With any pictures left out, restate word for word the lines in the listing below from the one holding "thumbnail image 5" through the last.

● ● ●

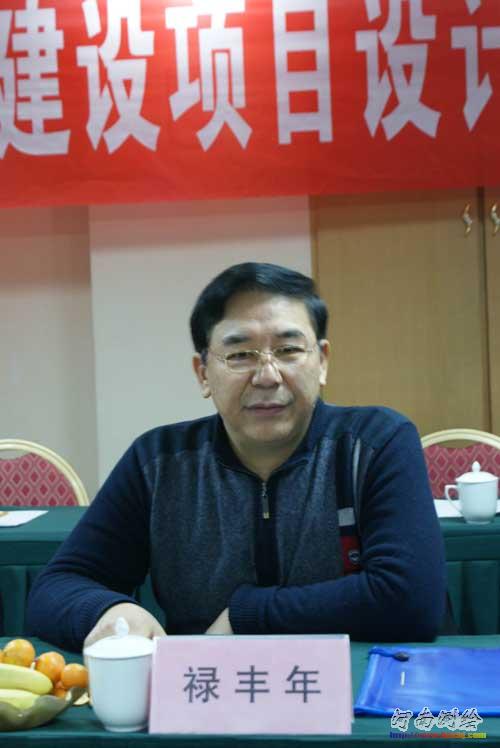 河南省测绘局禄丰年副局长参加评审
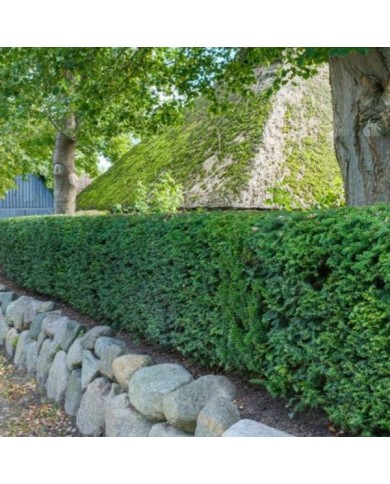 Taxus baccata - If commun - taillés en haie (progarten / Adobe Stock)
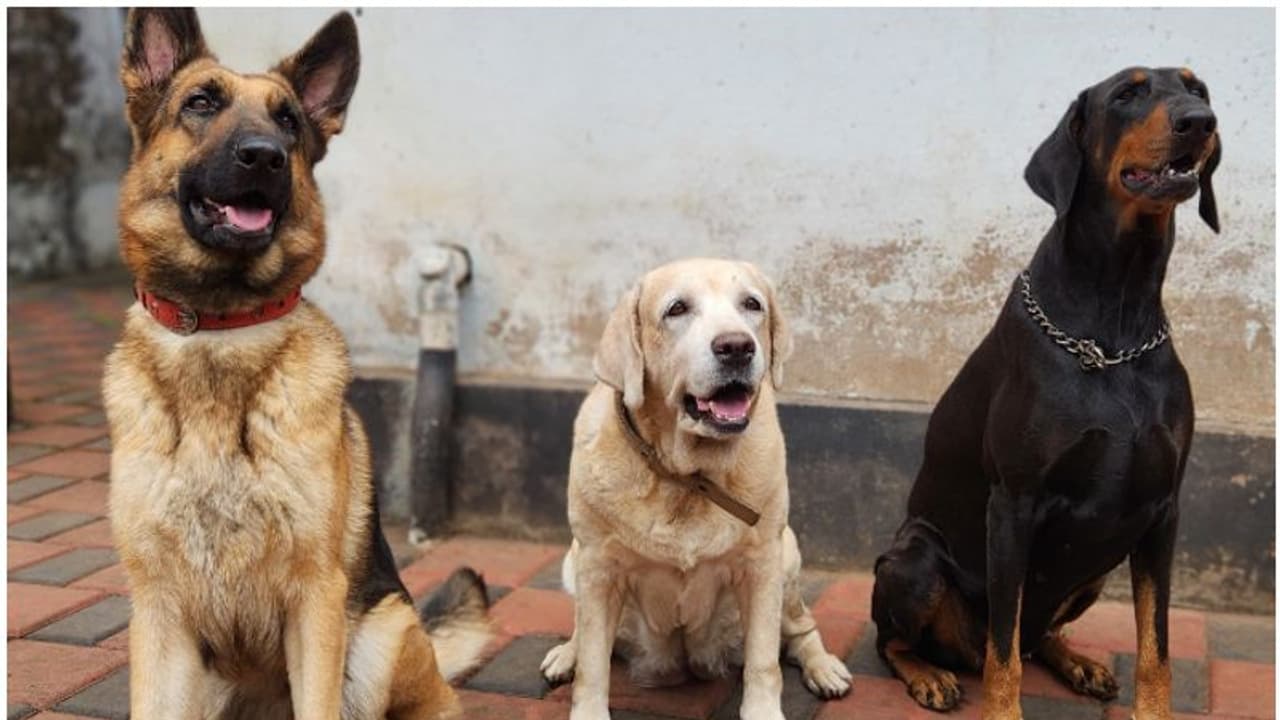 Kerala: Meet sniffer dogs Prince and Rakhi of Kozhikode who strike fear in narcotics dealers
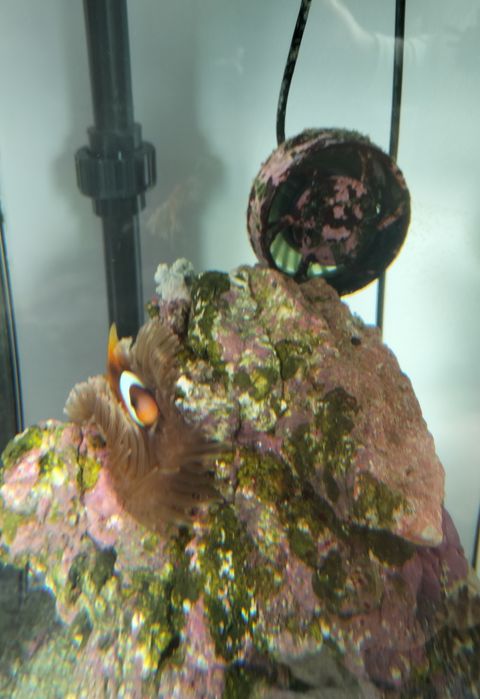 Vende-se rocha com anémona e peixe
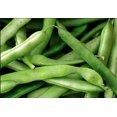 thumbnail image 5 of Blue Lake Bush Green Bean Seeds, 50+ Heirloom Seeds Per Packet, Non GMO Seeds Botanical Name Phaseolus vulgaris, 5 of 6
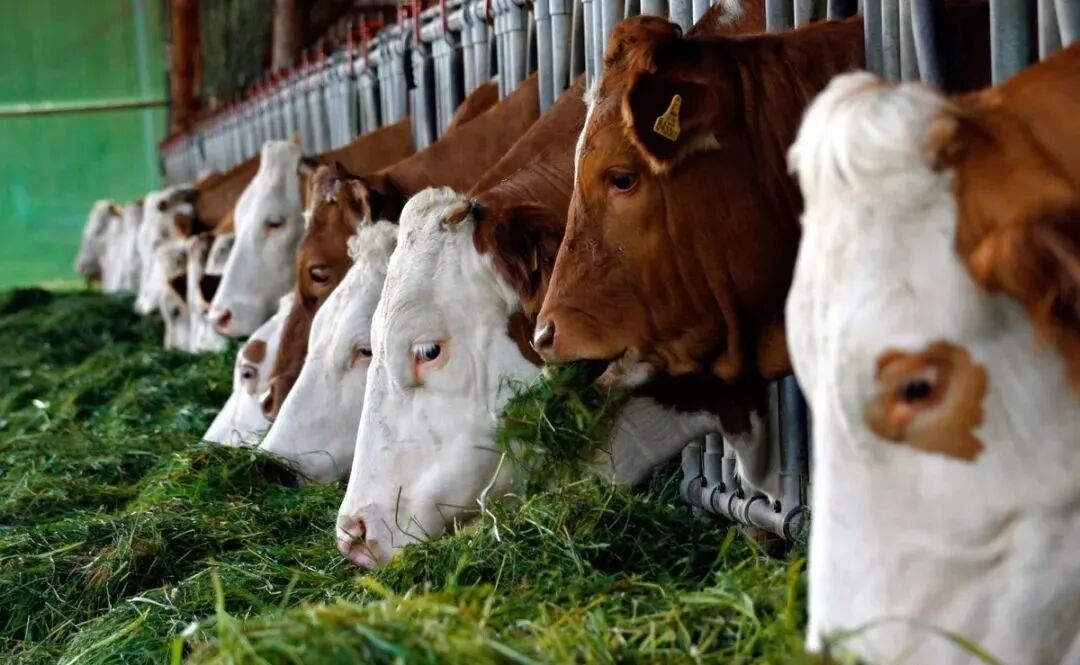 RunningCare veterinary ultrasound for dairy production detection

● ● ●

* [Written reply]:
 thumbnail image 5 of Blue Lake Bush Green Bean Seeds, 50+ Heirloom Seeds Per Packet, Non GMO Seeds Botanical Name Phaseolus vulgaris, 5 of 6
 RunningCare veterinary ultrasound for dairy production detection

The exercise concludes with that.